The Federal Trade Commission (FTC) recently announced plans to add a series of sanctions to a 2020 privacy order with Meta that would inhibit Meta’s ability to offer services to children or launch new products. In attempting to unilaterally revise the 2020 order, the FTC is unjustifiably and excessively obstructing legitimate business practices, bypassing the proper legislative process to create new privacy rules, and diminishing its ability to use consent decrees in the future.
The FTC reached a settlement with the company in 2019 to pay a record-breaking $5 billion fine and make substantial changes to its privacy and security practices. The settlement required the company to allow an independent, third-party assessor to evaluate its privacy practices and identify any gaps. The FTC alleges that the independent assessor found deficiencies in Meta’s privacy program and has called for several major changes to its settlement. Specifically, the FTC plans to prohibit Meta from monetizing data from users under the age of 18, prohibit Meta from launching new products without independent confirmation of full compliance with a privacy program, and limit its use of facial recognition technology.
These proposed changes are a gross overreaction to Meta’s alleged harms, many of which have already been resolved. Indeed, the assessor’s report, which covered Meta’s actions from October 2020 to April 2021, notes that the “key foundational elements necessary for an effective program are now in place.” Nor do any of the alleged violations justify such a drastic response. For example, Meta’s only alleged misrepresentation of its protections for children’s privacy occurred due to what the FTC itself describes as a “coding error” in the company’s Messenger Kids app, which allowed users in limited circumstances to communicate with unapproved contacts. Using a routine software bug to justify banning Meta from offering any services to users under the age of 18 is completely unjustified. Indeed, even FTC Commissioner Alvaro Bedoya issued a statement noting his concerns about the “nexus between the original order, the intervening violations, and the modified order.”

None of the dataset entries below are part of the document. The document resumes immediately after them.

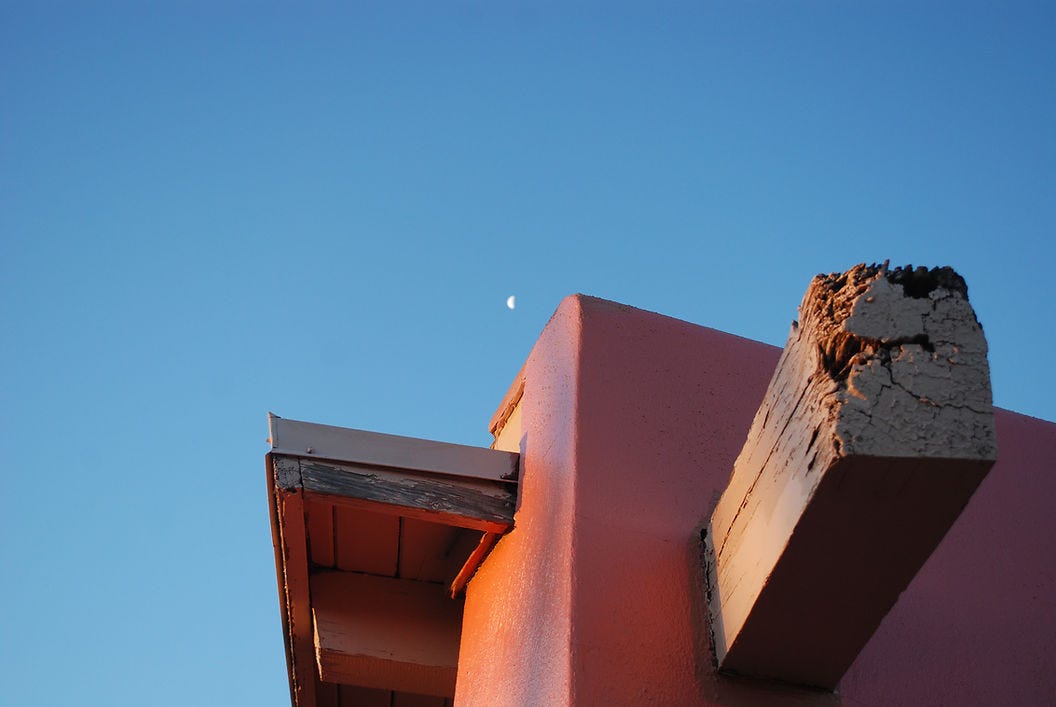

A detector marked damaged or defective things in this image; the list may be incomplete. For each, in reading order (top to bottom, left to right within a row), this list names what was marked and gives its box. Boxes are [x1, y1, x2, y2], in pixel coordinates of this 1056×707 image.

splintered wood [705, 264, 992, 692]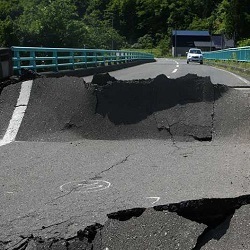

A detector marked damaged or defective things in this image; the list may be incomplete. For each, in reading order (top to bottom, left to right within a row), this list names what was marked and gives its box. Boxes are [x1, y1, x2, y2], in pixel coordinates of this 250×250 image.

damaged pavement [1, 71, 250, 249]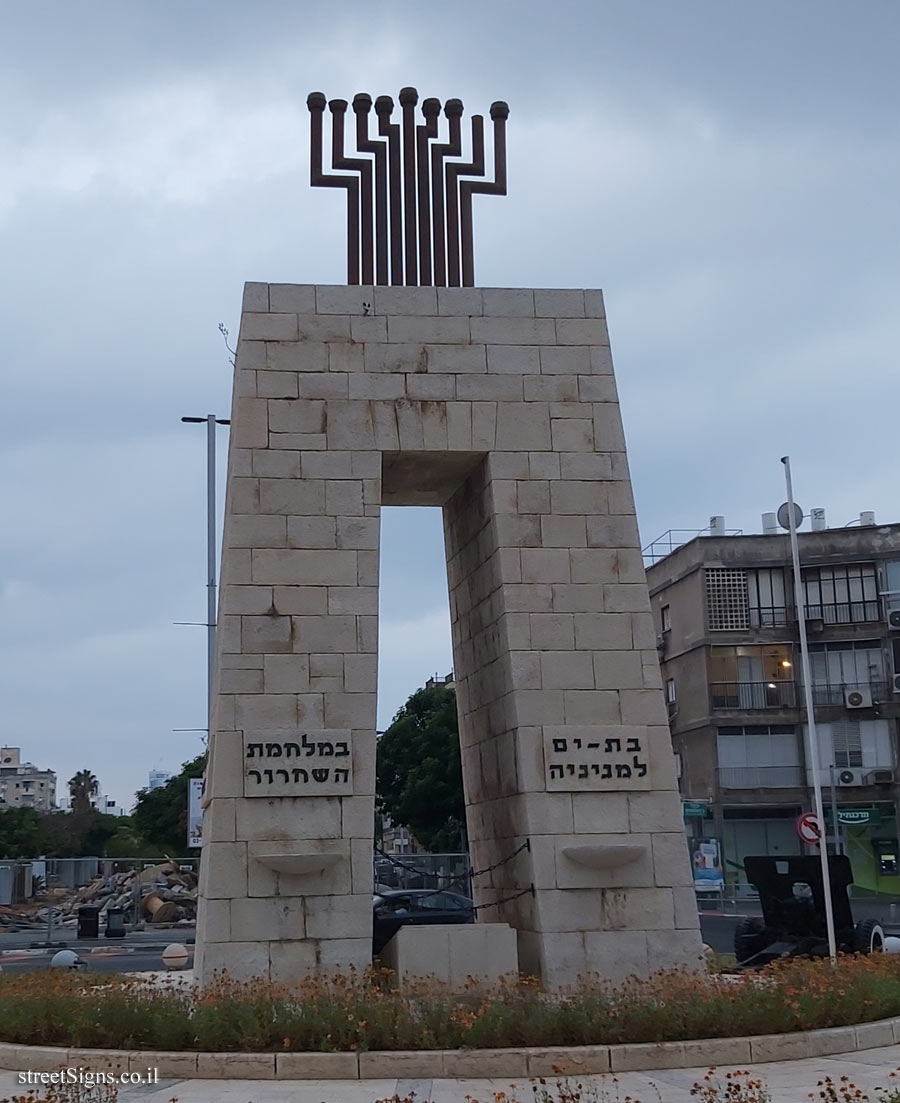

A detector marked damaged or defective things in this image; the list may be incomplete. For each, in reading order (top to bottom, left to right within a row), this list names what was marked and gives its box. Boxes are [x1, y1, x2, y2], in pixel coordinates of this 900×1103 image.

rusty metal menorah arm [306, 93, 359, 286]
rusty metal menorah arm [330, 99, 372, 286]
rusty metal menorah arm [352, 93, 388, 286]
rusty metal menorah arm [375, 95, 401, 286]
rusty metal menorah arm [416, 98, 441, 288]
rusty metal menorah arm [432, 100, 463, 288]
rusty metal menorah arm [461, 102, 509, 288]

Further, the authority to enact broad rules governing the use of youth data, facial recognition technology, and other data-related issues belongs to Congress, not a regulatory agency such as the FTC. The proposed ban on Meta providing services to users under 18 oversteps this boundary and is a clear example of regulatory overreach. Moreover, this change would negatively impact children’s ability to access social media, communications apps, and the metaverse. While many of the advocacy groups that have tried, and failed, to pass stricter children’s privacy laws are cheering on this power grab, the FTC should leave lawmaking to the elected officials in Congress.

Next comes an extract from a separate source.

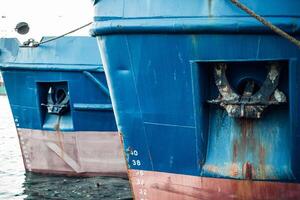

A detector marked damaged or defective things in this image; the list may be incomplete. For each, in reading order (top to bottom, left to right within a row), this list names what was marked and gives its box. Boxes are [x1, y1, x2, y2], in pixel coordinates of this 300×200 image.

rusty anchor [207, 62, 288, 119]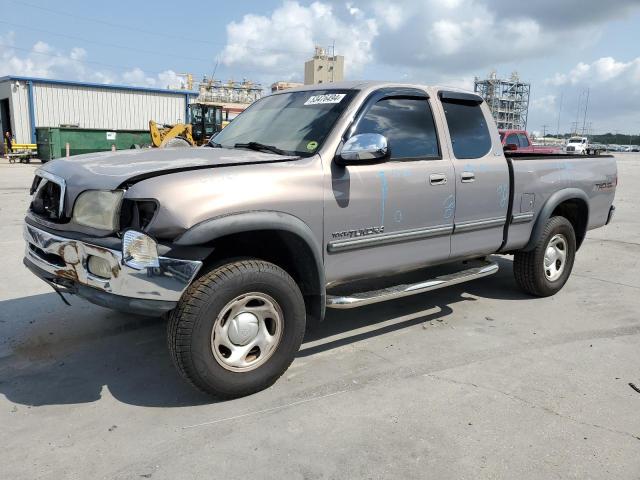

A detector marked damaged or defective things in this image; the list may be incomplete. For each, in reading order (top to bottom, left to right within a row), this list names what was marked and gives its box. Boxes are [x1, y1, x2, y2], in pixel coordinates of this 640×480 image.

crumpled front bumper [23, 224, 201, 316]
damaged toyota tundra [22, 81, 616, 398]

Finally, the FTC’s attempt to unilaterally amend the order represents a breach of trust that will give other companies pause before entering into future consent decrees with the agency. The FTC frequently uses consent decrees to avoid costly litigation and obtain settlements with companies that provide unique remedies and oversight. However, companies will rightly question whether they should enter into voluntary settlements with the FTC in the future if the FTC cannot be trusted to abide by the agreements.
The FTC’s proposed unilateral changes are both unwarranted and overreaching, and Meta has rightly challenged its legal authority. While the FTC should ensure that companies comply with the law and uphold commitments in consent decrees, restricting legitimate business practices is an unreasonable reaction that will hurt the company’s users too.